We will use the following variables in the lab:

Use the code below to read in the data.

gss <- read_csv("https://sta210-fa20.netlify.app/data/gss2016.csv",
  na = c("", "Don't know", "No answer", 
         "Not applicable"), 
         guess_max = 2867) %>%
  select(natmass, age, sex, sei10, region, polviews) %>%
  drop_na()

The argument guess_max = 2867 tells the read_csv function to use all of the observations in a column to determine its data type. Without this argument, only the first 1,000 observations would be used to make this determination. This becomes important for a variable like age; though age is coded as numeric data for most of the observations, there are some in which age is coded as "89 or older". Without the guess_max argument, you will get warnings when loading the data.

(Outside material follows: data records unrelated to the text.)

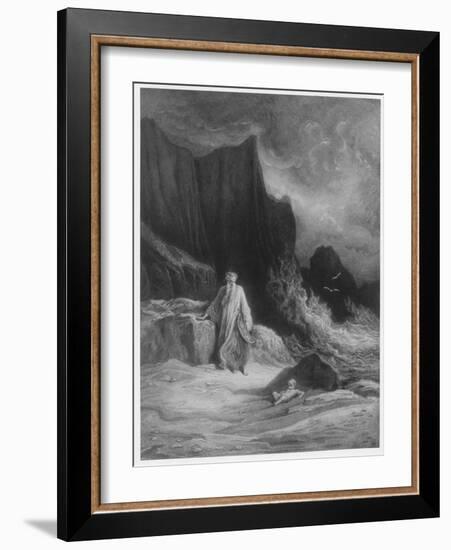 The Finding of King Arthur, Illustration from 'Idylls of the King' by Alfred Tennyson (Engraving)-Gustave Doré-Framed Giclee Print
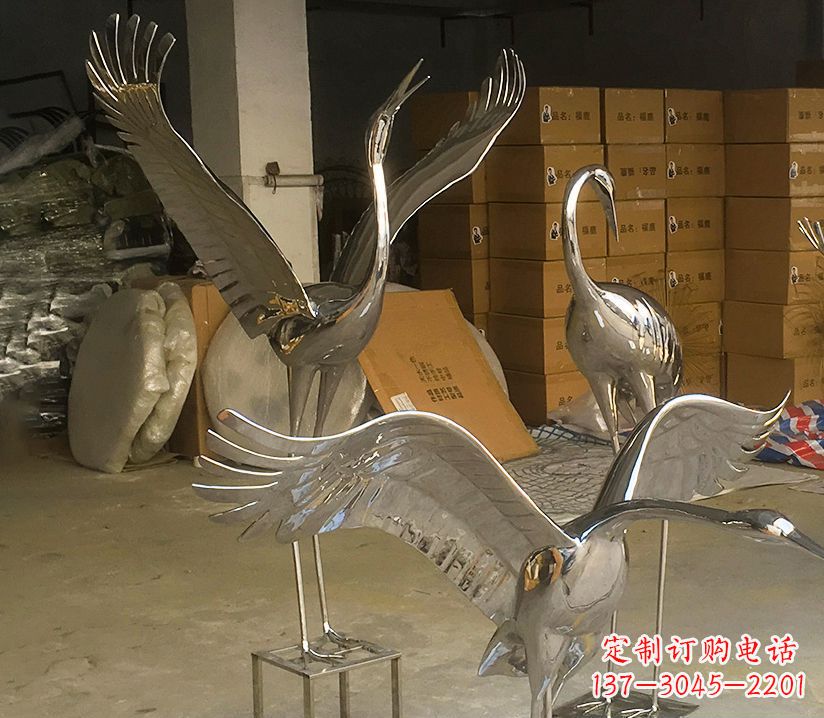 商丘园林云中仙鹤不锈钢雕塑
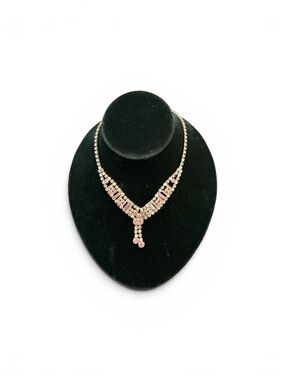 Vintage Delicate Pink Crystal V-Pendant Necklace-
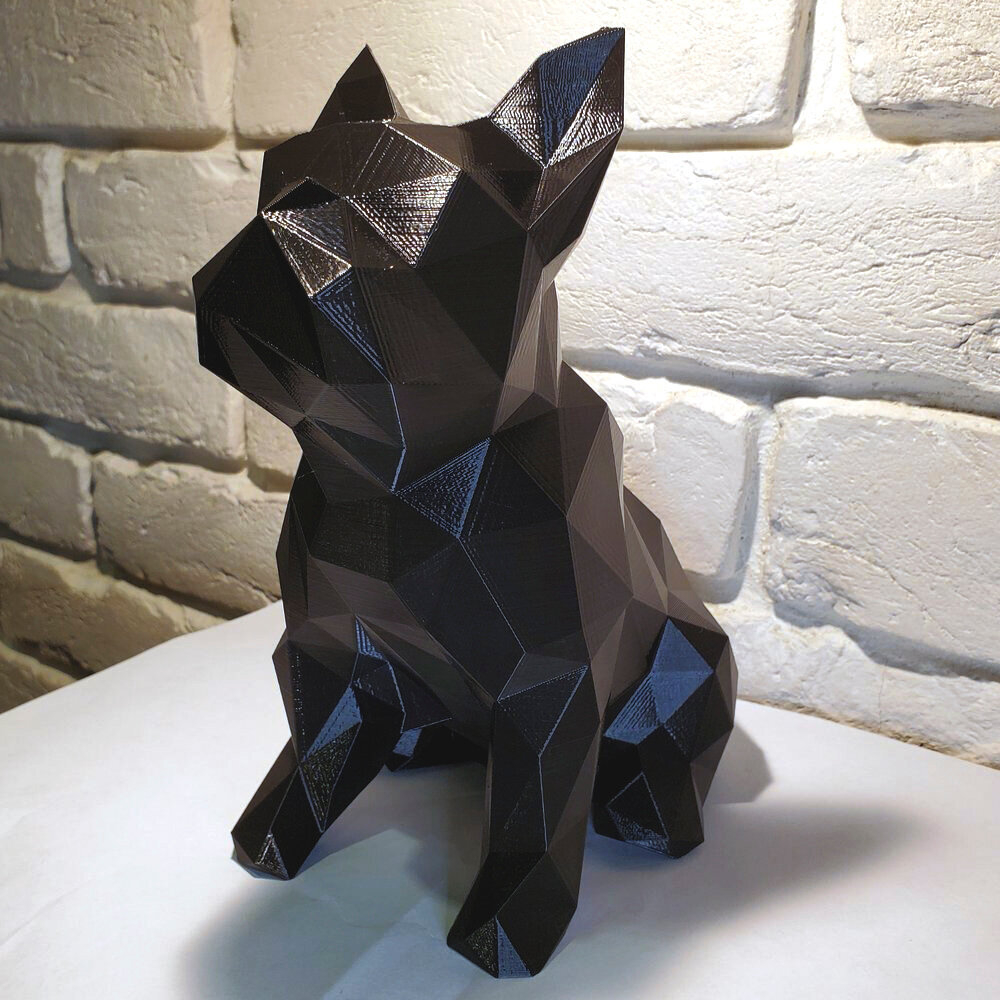 Фигурка статуэтка собаки, французский бульдог, украшение интерьера, черная, 15 см.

Note also that only the variables of interest will be loaded, not the entire dataset. This will make for faster computation and knitting as you work on the lab.

Exercises

Show all relevant code and output to support your responses even if you use inline code to write your narrative.

Part I: Exploratory data analysis

  1. The goal of the analysis is to understand the factors that are associated with a person being satisfied with the current spending on mass transportation. Create a new variable that is equal to “1” if a person said spending on mass transportation is about right and “0” otherwise.

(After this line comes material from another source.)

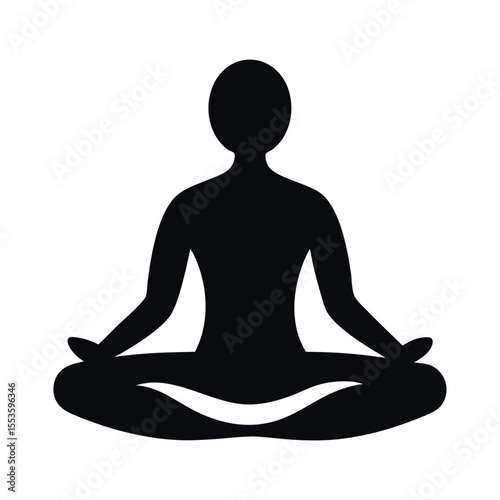 Yoga silhouette of a woman meditating in a lotus pose for relaxation and inner peace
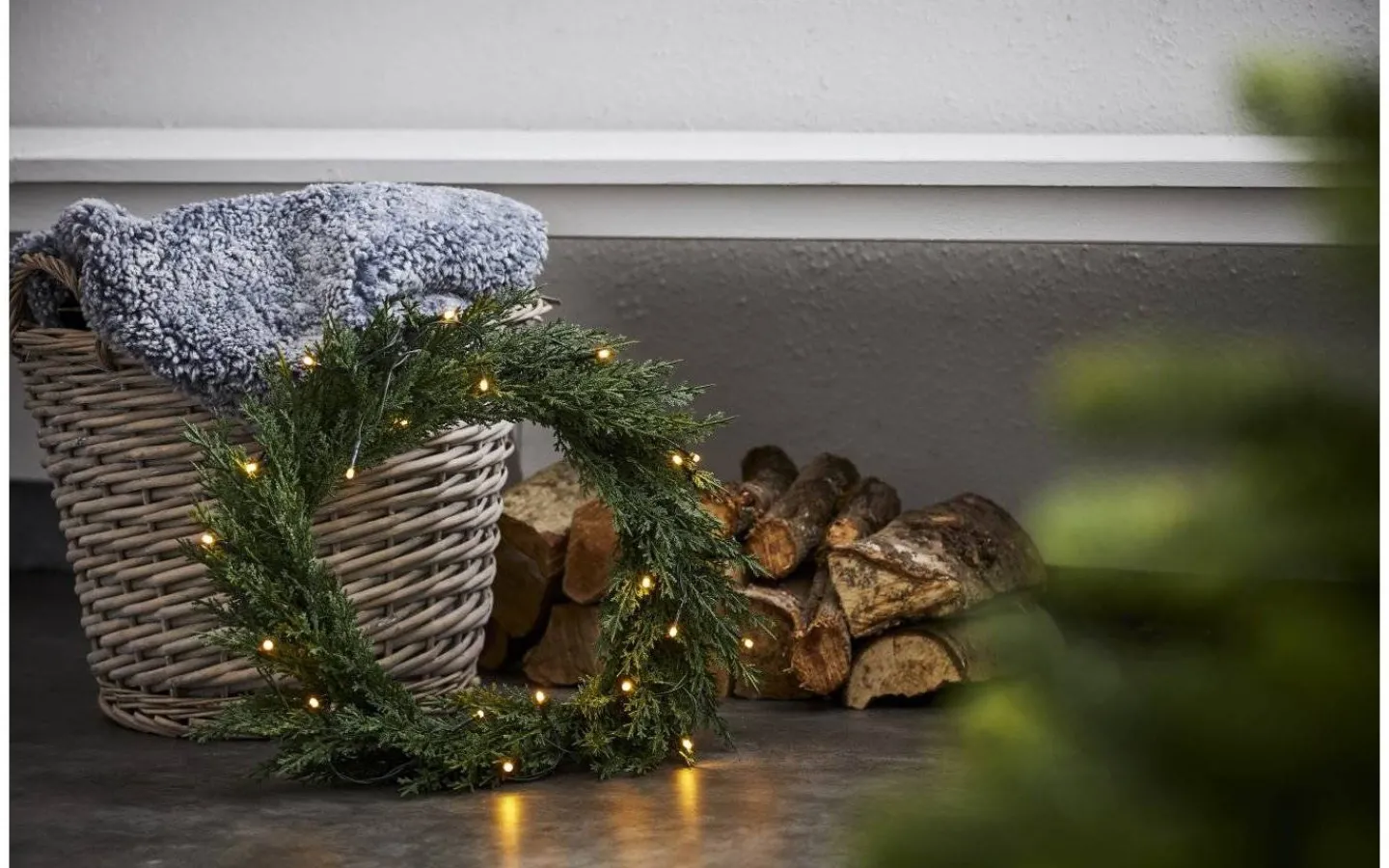 Star Trading Thuja Batteridriven Krans 40cm LED IP44* Kransar|Batteri Julpynt Utomhus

  2. Recode polviews so it is a factor variable type with levels that are in an order that is consistent with question on the survey. Note how the categories are spelled in the data.

    Make a plot of the distribution of polviews. Which political view occurs most frequently in this data set?

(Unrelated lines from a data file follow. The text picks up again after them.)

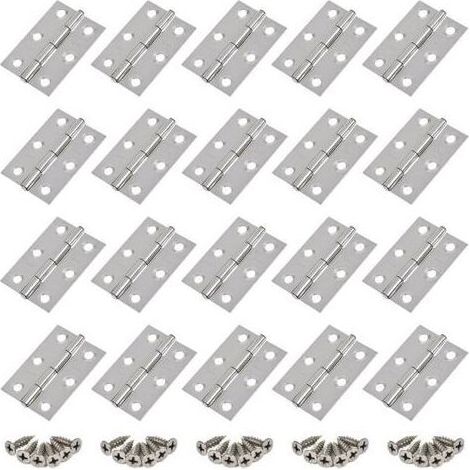 Charnières, 20 pièces, charnières en acier inoxydable, charnières de porte, trous de charnière plats, charnières de tiroir de meuble, connecteurs de charnière de fenêtre, charnières argentées pour meu (1/5)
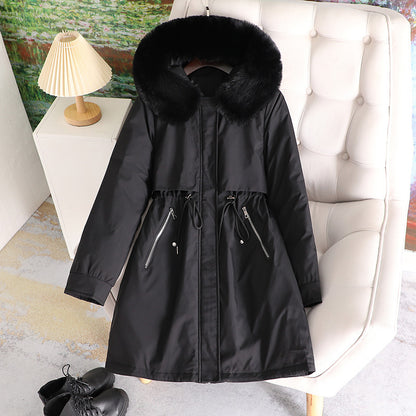 Dames élégante manteau d'hiver avec col en fausse fourrure amovible et cordon réglable à la taille Chic und Stil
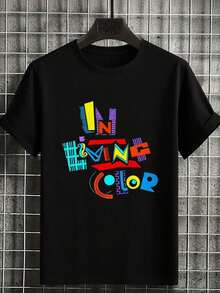 1 Men's Plus Size T-Shirt With Vibrant Graphic Print In Time Color, For Men And Women, Casual Wear, Urban Style, Fashion Top - 黑色 - 查看 6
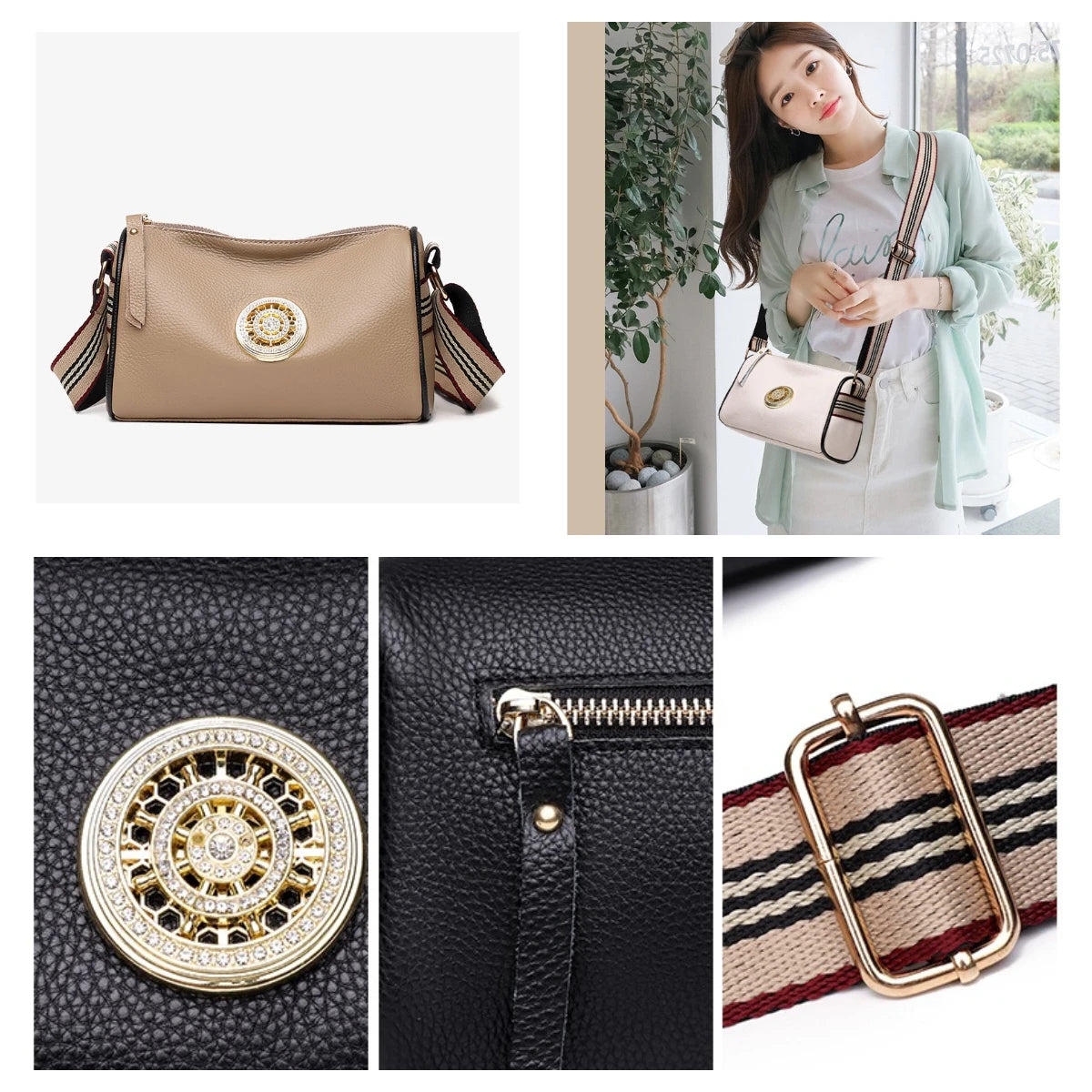 Metal Lock Women Leather Handbag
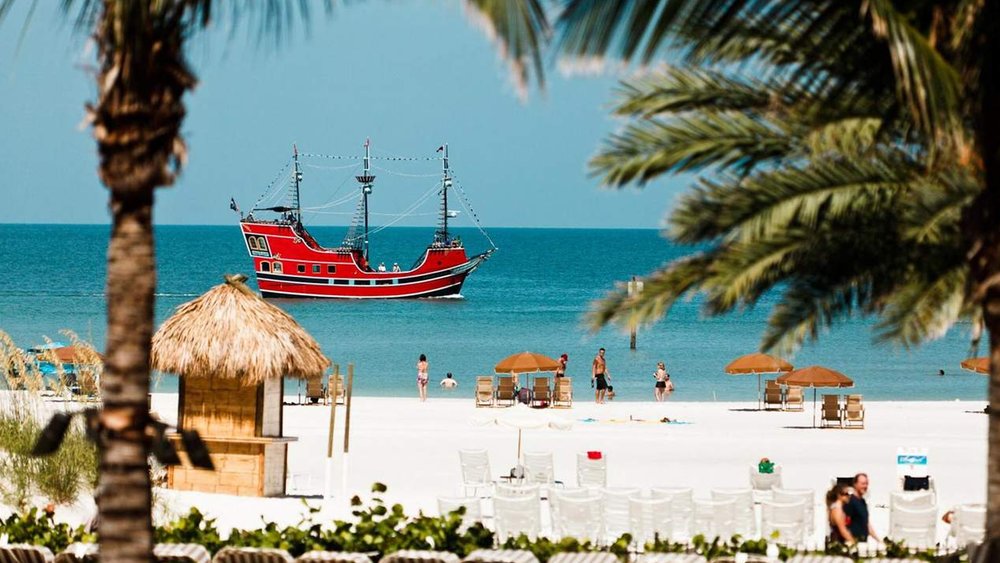 Clearwater Beach on a sunny day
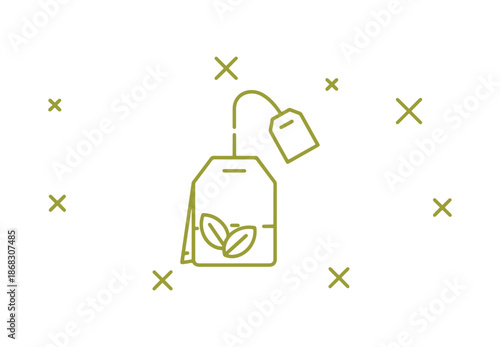 Outline icon of a mint tea bag. Symbol for a fresh herbal beverage. Mentha leaves illustration. Geometric shapes. Random cross elements. Mint bag icon in linear design. Vector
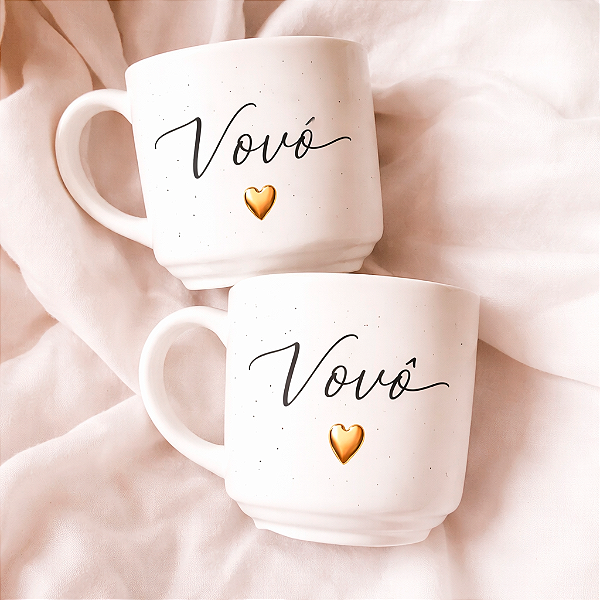 Kit Xícara Personalizada com Pires 180ml, Vovó e Vovô | Presente Especial Dia dos Avós e Cheio de Amor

  3. Make a plot displaying the relationship between satisfaction with mass transportation spending and political views. Use the plot to describe the relationship between a person’s political views and whether they are satisfied with spending on mass transportation.

  4. We’d like to use age as a quantitative variable in your model; however, it is currently a character data type because some observations are coded as "89 or older". Recode age so that is a numeric variable. Note: Before making the variable numeric, you will need to replace the values "89 or older" with a single value.

Part II: Logistic regression model

  1. Briefly explain why we should use a logistic regression model to predict the odds a randomly selected person is satisfied with spending on mass transportation.

  2. Let’s start by fitting a model using the demographic factors - age, sex, sei10, and region - to predict the odds a person is satisfied with spending on mass transportation. Make any necessary adjustments to the variables so the intercept will have a meaningful interpretation.

  3. Interpret the intercept in the context of the data. Include any relevant values in your response.

  4. Consider the relationship between age and one’s opinion about spending on mass transportation. Interpret the coefficient of age in terms of the odds of being satisfied with spending on mass transportation.

  5. Now let’s see whether a person’s political views has a significant impact on their odds of being satisfied with spending on mass transportation, after accounting for the demographic factors.

    Conduct a drop-in-deviance test to determine if polviews is a significant predictor of attitude towards spending on mass transportation. State the null and alternative hypotheses in words, display all relevant code and output, and state your conclusion in the context of the problem.

  6. Use the model to describe the relationship between one’s political views and their attitude towards spending on mass transportation. Be sure your answer includes the interpretation of the model coefficients and associated hypothesis tests or confidence intervals used to support your response.

Submission

Upload the team’s PDF to Gradescope. Be sure to include every team member’s name in the Gradescope submission Associate the “Overall” graded section with the first page of your PDF, and mark where each answer is to the exercises. If any answer spans multiple pages, then mark all pages.

There should only be one submission per team on Gradescope. Be sure to include every team member’s name in the Gradescope submission.